• Everyday Art

    Yesterday I was the guest waiter at The Hunt and Darton Cafe in Colchester. The cafe is a pop-up experience: it arrives, lasts for a month and then leaves. Ordinarily it prefers to occupy empty shops in the high street, but a last minute let down means that this time they find themselves in the foyer of Firstsite. It's an art gallery but for the moment it's also empty. Until the arrival of the delicious Hunt and Darton that is.

    Everything in the cafe is art, including the customers. There is a business board that records the takings, the profit and loss, any complaints. Customers are required to chalk themselves in as covers. The cafe is styled with an ecclectic mix of furniture, old jigsaws and a vast array of mismatched crockery. Customers get to choose which record (yes, record) to play. Some days are 'you do it' days: the customers take turns to serve each other, or there are community days, where the customers are introduced to each other, encouraged to sit with people they don't know, and are applauded as they leave.
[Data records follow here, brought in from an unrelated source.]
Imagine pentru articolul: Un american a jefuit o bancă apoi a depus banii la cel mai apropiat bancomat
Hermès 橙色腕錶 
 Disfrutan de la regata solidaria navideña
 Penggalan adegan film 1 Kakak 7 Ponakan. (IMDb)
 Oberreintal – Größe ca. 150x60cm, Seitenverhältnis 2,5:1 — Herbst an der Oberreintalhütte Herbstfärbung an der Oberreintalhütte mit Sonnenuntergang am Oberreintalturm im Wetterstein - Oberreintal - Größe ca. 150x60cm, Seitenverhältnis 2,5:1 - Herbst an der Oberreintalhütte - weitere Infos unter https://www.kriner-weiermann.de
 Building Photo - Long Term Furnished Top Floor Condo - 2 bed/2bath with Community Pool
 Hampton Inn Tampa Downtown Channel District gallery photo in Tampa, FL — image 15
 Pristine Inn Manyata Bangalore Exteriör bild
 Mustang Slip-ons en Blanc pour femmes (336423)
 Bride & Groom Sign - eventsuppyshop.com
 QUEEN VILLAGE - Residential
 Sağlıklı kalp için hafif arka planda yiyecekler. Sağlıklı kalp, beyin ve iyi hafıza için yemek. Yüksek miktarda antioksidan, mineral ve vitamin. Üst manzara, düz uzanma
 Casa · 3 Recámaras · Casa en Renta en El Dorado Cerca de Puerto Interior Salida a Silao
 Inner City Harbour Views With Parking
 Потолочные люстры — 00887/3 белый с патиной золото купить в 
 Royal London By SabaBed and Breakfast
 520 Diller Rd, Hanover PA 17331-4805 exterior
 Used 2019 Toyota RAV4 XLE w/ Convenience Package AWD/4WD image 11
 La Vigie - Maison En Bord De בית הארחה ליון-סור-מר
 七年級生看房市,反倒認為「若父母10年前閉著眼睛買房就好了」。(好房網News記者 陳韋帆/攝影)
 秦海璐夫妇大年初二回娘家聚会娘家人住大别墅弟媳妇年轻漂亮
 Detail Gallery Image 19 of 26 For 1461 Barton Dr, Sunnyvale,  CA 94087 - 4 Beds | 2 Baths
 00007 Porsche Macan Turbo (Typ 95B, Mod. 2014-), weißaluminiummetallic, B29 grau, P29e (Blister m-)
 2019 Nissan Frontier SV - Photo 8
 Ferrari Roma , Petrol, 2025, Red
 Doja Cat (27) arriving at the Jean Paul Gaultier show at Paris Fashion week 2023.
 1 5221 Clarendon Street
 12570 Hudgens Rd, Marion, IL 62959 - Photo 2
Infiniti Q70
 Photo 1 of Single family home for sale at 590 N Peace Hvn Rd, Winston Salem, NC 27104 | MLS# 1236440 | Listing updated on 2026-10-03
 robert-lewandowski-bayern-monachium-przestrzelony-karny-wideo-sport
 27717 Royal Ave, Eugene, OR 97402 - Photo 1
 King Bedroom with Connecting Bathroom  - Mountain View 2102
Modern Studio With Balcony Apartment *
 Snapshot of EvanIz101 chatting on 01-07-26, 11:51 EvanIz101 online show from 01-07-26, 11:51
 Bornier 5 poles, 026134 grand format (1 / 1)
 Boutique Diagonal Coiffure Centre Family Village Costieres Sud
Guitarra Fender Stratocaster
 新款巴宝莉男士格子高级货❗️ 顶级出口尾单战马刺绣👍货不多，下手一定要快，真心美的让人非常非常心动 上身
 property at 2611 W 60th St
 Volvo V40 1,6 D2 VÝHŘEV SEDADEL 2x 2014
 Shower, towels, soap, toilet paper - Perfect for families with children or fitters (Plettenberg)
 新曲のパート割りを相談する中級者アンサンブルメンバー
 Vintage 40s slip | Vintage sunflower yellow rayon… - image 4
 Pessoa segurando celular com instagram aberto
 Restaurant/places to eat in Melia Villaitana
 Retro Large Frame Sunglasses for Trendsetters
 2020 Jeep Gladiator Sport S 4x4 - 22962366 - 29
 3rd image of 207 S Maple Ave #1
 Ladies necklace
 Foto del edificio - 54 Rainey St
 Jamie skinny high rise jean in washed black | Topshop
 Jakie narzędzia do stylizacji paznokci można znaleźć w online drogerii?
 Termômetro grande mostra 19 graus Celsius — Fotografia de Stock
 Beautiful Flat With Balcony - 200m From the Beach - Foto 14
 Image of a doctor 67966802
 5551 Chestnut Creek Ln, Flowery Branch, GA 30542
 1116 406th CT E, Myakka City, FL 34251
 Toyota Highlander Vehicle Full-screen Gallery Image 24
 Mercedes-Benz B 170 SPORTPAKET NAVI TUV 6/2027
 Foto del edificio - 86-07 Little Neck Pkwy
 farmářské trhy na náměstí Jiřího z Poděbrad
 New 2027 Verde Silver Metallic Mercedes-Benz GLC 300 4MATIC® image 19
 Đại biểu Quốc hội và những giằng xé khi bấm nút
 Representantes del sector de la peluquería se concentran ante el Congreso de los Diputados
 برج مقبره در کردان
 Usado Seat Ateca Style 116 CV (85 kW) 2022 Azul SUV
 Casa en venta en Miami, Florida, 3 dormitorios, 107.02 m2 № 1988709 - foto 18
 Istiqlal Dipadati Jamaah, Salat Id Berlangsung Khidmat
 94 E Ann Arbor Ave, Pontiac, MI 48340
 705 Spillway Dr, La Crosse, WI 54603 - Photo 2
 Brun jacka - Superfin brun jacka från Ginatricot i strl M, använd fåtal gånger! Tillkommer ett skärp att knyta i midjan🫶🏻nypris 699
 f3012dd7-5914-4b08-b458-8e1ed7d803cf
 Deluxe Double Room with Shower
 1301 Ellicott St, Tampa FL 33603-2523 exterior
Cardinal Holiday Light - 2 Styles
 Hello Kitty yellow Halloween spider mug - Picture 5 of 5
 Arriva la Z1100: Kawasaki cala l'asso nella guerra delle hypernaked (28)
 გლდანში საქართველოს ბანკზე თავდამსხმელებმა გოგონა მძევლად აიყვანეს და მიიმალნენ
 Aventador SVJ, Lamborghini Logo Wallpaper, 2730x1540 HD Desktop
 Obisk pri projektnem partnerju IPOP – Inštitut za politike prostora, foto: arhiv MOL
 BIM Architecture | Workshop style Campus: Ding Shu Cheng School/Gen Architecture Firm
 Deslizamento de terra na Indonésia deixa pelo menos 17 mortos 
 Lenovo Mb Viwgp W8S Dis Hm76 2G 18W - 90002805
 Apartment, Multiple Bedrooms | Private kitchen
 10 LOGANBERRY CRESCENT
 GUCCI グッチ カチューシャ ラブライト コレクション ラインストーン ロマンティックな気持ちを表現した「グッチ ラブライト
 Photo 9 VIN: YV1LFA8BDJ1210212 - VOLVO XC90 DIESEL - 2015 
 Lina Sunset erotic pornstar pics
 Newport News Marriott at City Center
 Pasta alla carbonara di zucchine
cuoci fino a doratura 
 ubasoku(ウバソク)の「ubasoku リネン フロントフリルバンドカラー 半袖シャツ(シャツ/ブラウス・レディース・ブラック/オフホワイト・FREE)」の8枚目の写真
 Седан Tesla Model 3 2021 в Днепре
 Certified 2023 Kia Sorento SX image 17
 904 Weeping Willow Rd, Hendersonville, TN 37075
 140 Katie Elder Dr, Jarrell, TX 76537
    As the guest waiter I was the Competitive Waiter: I was trying to be the best. I had four training zones. Each one represented an element of waitering that I felt was important and would contribute to being an Olympic waiter. Sometimes I trained on my own, sometimes I trained with the customers and sometimes the customers chose their own training zone.

    Training zone one was Waiting. Turns out I was rubbish at this. Not too bad if I knew what I waiting for, but rubbish without a purpose. I think I managed to last 10 seconds before I got distracted and wandered off. One customer told me she was so good at waiting that she missed the bus she was waiting for.

    Training zone two was Balancing. One gentleman and I spent some time balancing on one leg. I had another lengthy and very enjoyable conversation with another customer in which we managed to balance the world. If you suddenly felt everything was ok it was probaly because we had just put the world to rights. You're welcome. A group of lads spent some time practicing balancing objects on top of one another. They were skateboarders so were already very proficient in balancing. Dorian challenged me to balance a tray on the fingertips of one hand. The tray was to have a pyramid of glasses on, and I was supposed to be able to pour champagne in without looking. I progressed from just holding the tray to being able to balance the tray and a pineapple on my fingertips. Some work to go. However, my son has just come into the study and balanced my phone and my purse on my head and I'm pleased to say they didn't fall off. Perhaps my practice yesterday paid off.

    Training zone three was Being Deferential. This was a tricky one, not being too subservient but letting the customer know they were important. Not many people wanted to practice this one. It also felt like an extension of Balancing: the ability to balance good manners with an efficient service. Not being too obtrusive and not being too invisible.

    Training zone four was Not Judging. Perhaps the hardest training zone of all. Because as soon as you are aware of it you realise how much you judge. Sometimes it's a compliment: that's a good choice (complimenting good taste but also implying there is a bad choice). Sometimes it's just a case of keeping your opinions to yourself: having good manners (see training zone three).

    The Competitive Waiter wasn't quite as aggressive as I thought she might be. I had imagined she would be overly enthusiastic and perhaps a little overbearing, but actually the quest to be a good waiter led to a delicate dance between manners, grace, hard work and remembering what you're doing. Like the cafe itself, the Competitive Waiter is a piece of Everyday Art: offering the opportunity to have conversations you might not otherwise have had, and with people you might not otherwise have spoken to. It created the space to stop, think, connect and engage.

    Each training zone had it's own difficulties. Frank judged me as a 9/10, but said he doesn't give full marks (there's always room for improvement). I'm quite happy with that.